Originally Posted by Moo
Hello,

Remember the definition (or property) of the continuity :
f is continuous $\Leftrightarrow \forall \delta>0, \exists \epsilon>0,~ \forall x,~ |x-c|<\epsilon \Rightarrow |f(x)-f(c)|<\delta$
(I inverted delta and epsilon from the usual definition so that it wouldn't confuse with the epsilon you're using in the text)

This means that the set : $\{\omega ~:~ |X_n(\omega)-a|< \epsilon \} \subseteq \{\omega ~:~ |g(X_n(\omega))-g(a)|< \delta \}$

Why is the set $\{\omega ~:~ |X_n(\omega)-a|< \epsilon \} \subseteq \{\omega ~:~ |g(X_n(\omega))-g(a)|< \delta \}$??

EDIT: typo corrected.
• Feb 25th 2009, 08:26 PM
matheagle
Typo....with $g(x_n(\omega))$
Quote:

Originally Posted by moo
hello,

remember the definition (or property) of the continuity :
F is continuous $\leftrightarrow \forall \delta>0, \exists \epsilon>0,~ \forall x,~ |x-c|<\epsilon \rightarrow |f(x)-f(c)|<\delta$
(i inverted delta and epsilon from the usual definition so that it wouldn't confuse with the epsilon you're using in the text)
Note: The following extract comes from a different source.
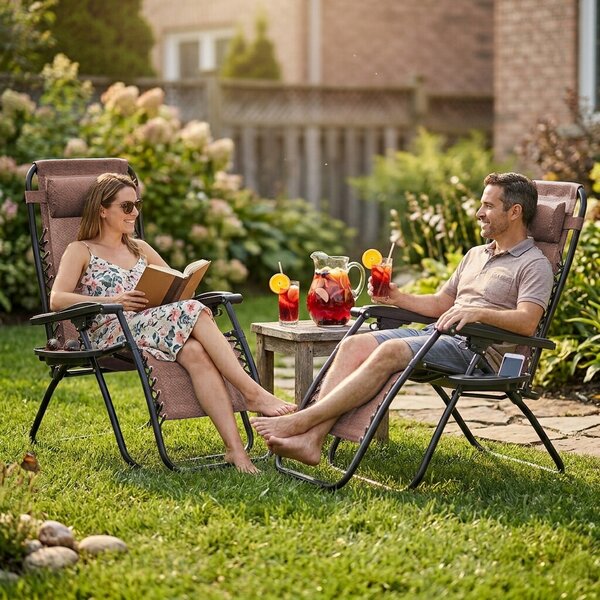 4Home Zahradní plážové polohovací křeslo Relax, hnědá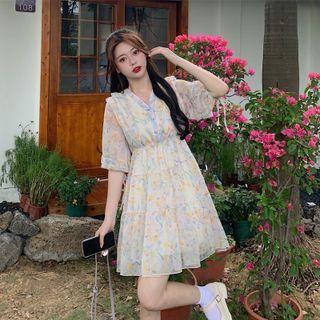 Elbow-sleeve V-neck Floral Mini A-line Dress Yellow Floral - Blue - One Size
this means that the set : $\{\omega ~:~ |x_n(\omega)-a|< \epsilon \} \subseteq \{\omega ~:~ |g(x_n(\omega))-g(a)|< \delta \}$

one of the consequences of the kolmogorov axiomatic is that if $a \subseteq b$, then $\mathbb{p}(a) \leqslant \mathbb{p}(b)$

then use the second axiom of kolmogorov ( $\mathbb{p}(a)\leqslant 1$) to prove that $\lim_{n \infty} \mathbb{p}(|g(x_n)-g(a)|<\delta)=1$

it should be easy from here (rofl)

yes.

I haven't been thinking very long on it, but my first idea would be, as above, to use the epsilon definition of $a_n \to a$ (nod)

• Feb 26th 2009, 09:12 AM
Moo
Quote:

Originally Posted by matheagle
Typo....with $g(x_n(\omega))$

Why is it a typo ? (Surprised)
Or more exactly... where is the typo ? ^^

Quote:

Originally Posted by akolman
I am sorry to bother you again, but I don't get this crucial step.
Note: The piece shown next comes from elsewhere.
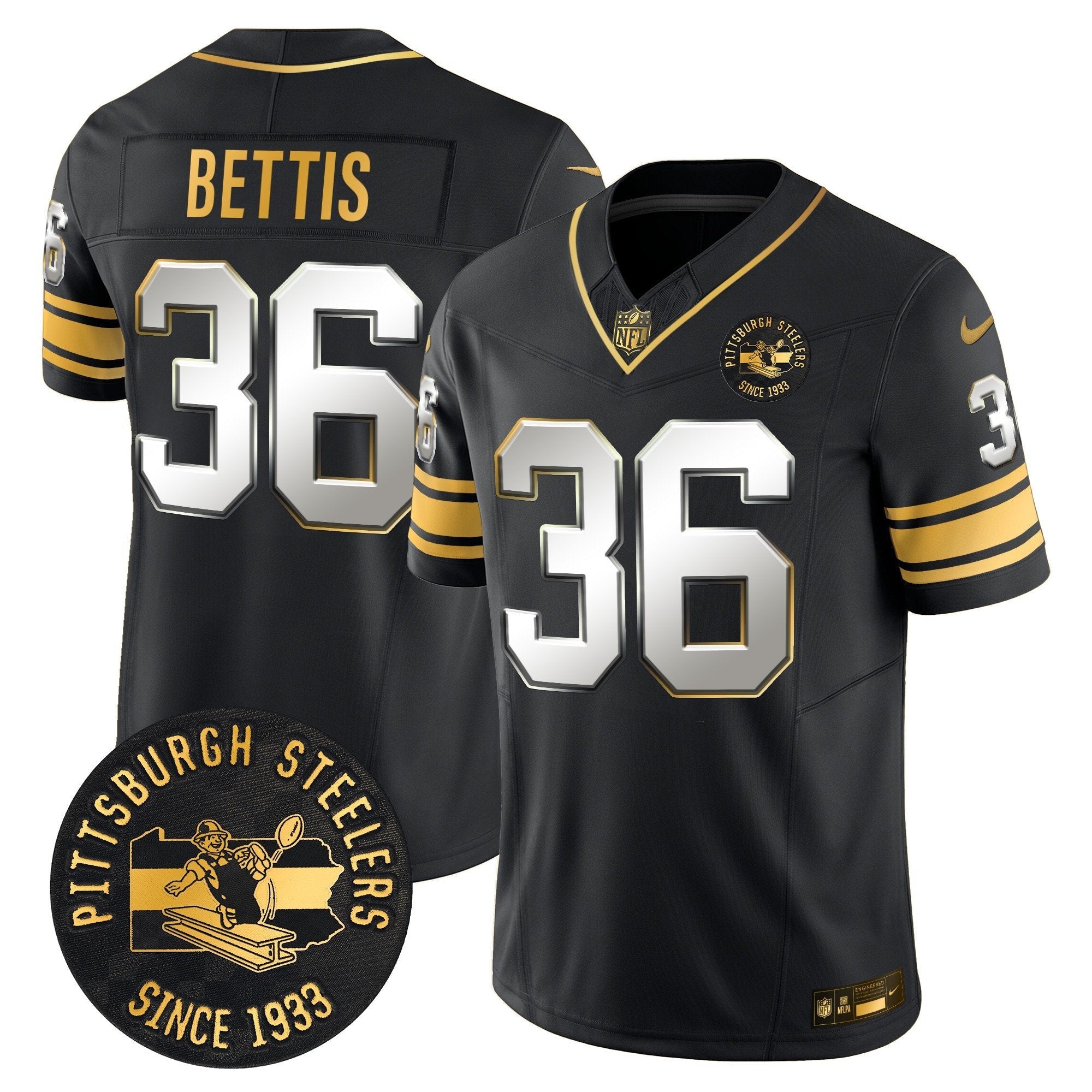 Pittsburgh Steelers Throwback 1933 Patch Gold Vapor Limited Jersey – All Stitched – Black Limited – Jerome Bettis Jersey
Why is the set $\{\omega ~:~ |X_n(\omega)-a|< \epsilon \} \subseteq \{\omega ~:~ |g(X_n(\omega))-g(a)|< \delta \}$??

EDIT: typo corrected.

Okay, so imagine there is an $\omega$ such that $|X_n(\omega)-a|< \epsilon$
The implication means that with that same $\omega$, $|g(X_n(\omega))-g(a)|<\delta$

Thus the set of $\omega$ such that $|X_n(\omega)-a|< \epsilon$ is included in the set of $\omega$ such that $|g(X_n(\omega))-g(a)|<\delta$.
• Feb 26th 2009, 03:16 PM
matheagle
It was a minor typo, you left out the second ).
I thought I pointed that out.
• Feb 26th 2009, 05:24 PM
akolman
Thanks again Moo.

I'm still halfway with this problem

2. Let $\{a_n\}$ be a sequence of real numbers. Hence, we can also say that $\{a_n\}$ is a sequence of constant (degenerate) random variables. Let $a$ be a real number. Show that $a_n \Rightarrow a$ is equivalent to $a_n \stackrel{\mbox{P}}{\Rightarrow} a$

I was able to prove that

Show that $a_n \longrightarrow a$ $\Rightarrow$
$a_n \stackrel{\mbox{P}}{\longrightarrow} a$

But I don't know what to do to go the other way around.

If I assume $a_n \stackrel{\mbox{P}}{\longrightarrow} a$.

Then, $\forall \epsilon_{1}>0, \forall \epsilon_{2}, \exists N>0,~ \forall n > N, ~P(|a_n-a|<\epsilon_{1}) < \epsilon_{2}$

Is there a way to make $P(|a_n-a|<\epsilon_{1})=0$?

So I can get $|a_n-a|<\epsilon_{1}$, for $n>N^{*},~ \forall \epsilon_{1}>0$. Can I get a $N^{*}$ that makes this happen?

Or how can I go with this proof. Thanks again for your patience.